Il vero dubbio, probabilmente, non sta nel verificare la regolarità di questo processo elettorale, ma nel capire se i veri avversari di Ortega  e della moglie/vicepresidente Rosario Murillo, anche essa figura di spicco della rivoluzione, si siano potuti presentare. Già nel 1995 si era formato, in opposizione al Fronte Sandinista di Liberacion National (FSLN) di Ortega, il Movimiento Renovador Sandinista (MRS), partito formato da guerriglieri e intellettuali come Sergio Ramirez, Dora Maria Telles e Victor Hugo Tinoco, fortemente critico verso la deriva autoritaria e personalista della coppia al potere. Inoltre molti dei nove comandanti della rivoluzione sandinista, come Luis Carrion Cruz, Henry Ruiz e Jaime Wheelock, hanno duramente criticato il governo e il fatto che, nel corso di questo anno, ci siano stati ancora numerosi arresti (anche di figure di spicco, come la già nominata Maria Telles), non fa ben sperare in una futura riconciliazione. Anche le continue critiche, pure molti recenti di Gioconda Belli, principale scrittrice e intellettuale del paese (con Sergio Ramirez) fanno fortemente dubitare della reale democrazia nel paese.

Certamente, da occidentali lontani chilometri e divisi da un oceano, oltre che da storia e cultura, tutto ciò che si può fare è osservare ed esporre i fatti. Capire se il governo Ortega/Murillo ha ragione sugli arresti effettuati dopo le rivolte del 2018 (con, secondo voci dell’opposizione, 320 morti in 4 mesi), violente e dirette, secondo le fonti governative, da forze esterne oppure se viene impedito l’utilizzo dei mezzi democratici al popolo e agli avversari politici, che pure hanno combattuto contro il dittatore Somoza, resta una cosa difficile, da lasciare alla sensibilità di ognuno. Sicuramente le carcerazioni di sandinisti della prima ora fa molto riflettere.

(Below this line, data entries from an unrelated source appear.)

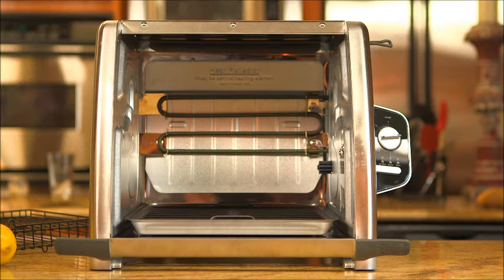And best of all, the Ronco 5500 Rotisserie is designed specifically to lock in flavor and drain away fat.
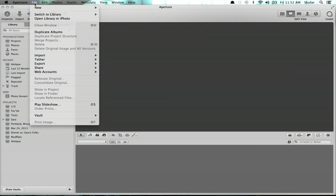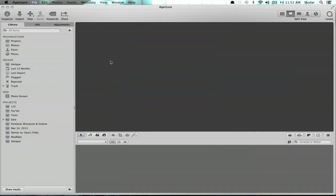Alright, so in Aperture, click File, Tether, and Start New Session. Immediately we see a project that was created, and we can add settings, metadata, and click Start Session.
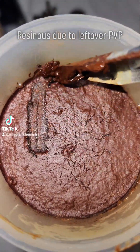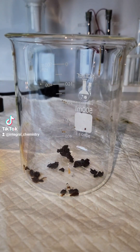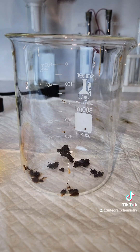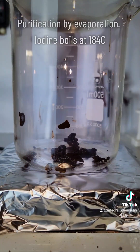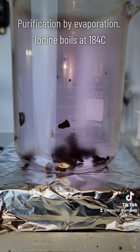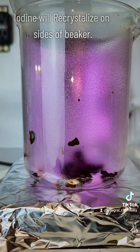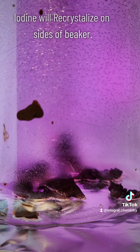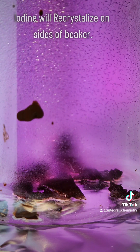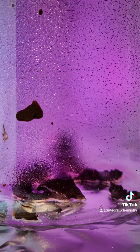To purify my highly impure iodine, I need to scrape it out of my filter and get it into a beaker. My iodine in the filter was pretty resinous, and that's because of some povidone left over, which I'm going to purify away now using evaporation. Elemental iodine boils at 184 degrees Celsius, and by heating it to that temperature, I can evaporate it and it will recrystallize on the sides of my beaker. This step does need to be done under a fume hood because iodine gas, while beautiful, is fairly toxic.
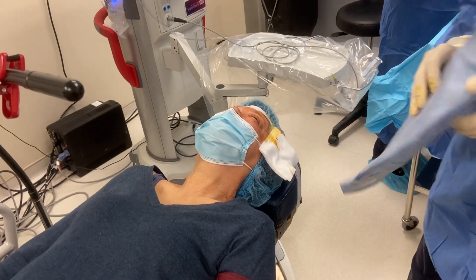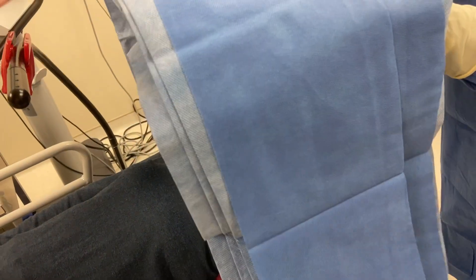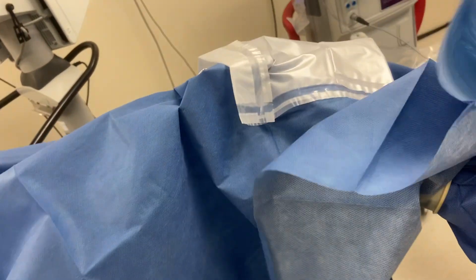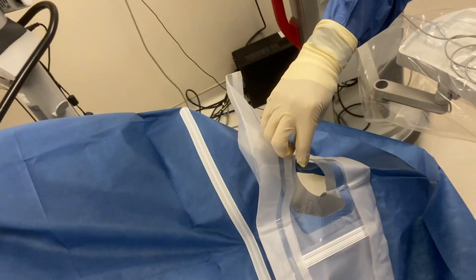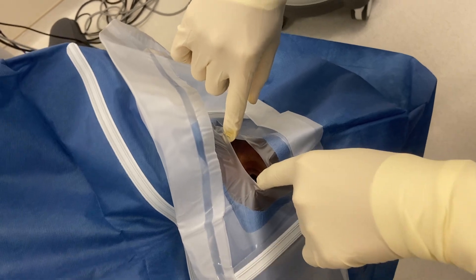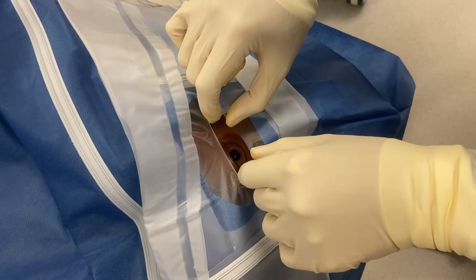Okay, open your eyes. The key with this is that you have to put tension on both sides. By having your fingers like this, you can put tension on the upper and the lower. This is a no-touch technique for eye draping.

Un certo sostegno al FSLN è sicuramente presente nel meraviglioso paese centro americano: ritornando al nostro albergo dal CSE, dove arrivavano i risultati dello spoglio, abbiamo potuto testimoniare di giovani imbandierati e di festosi raggruppamenti. Che siano la maggioranza della popolazione, impossibile dirlo.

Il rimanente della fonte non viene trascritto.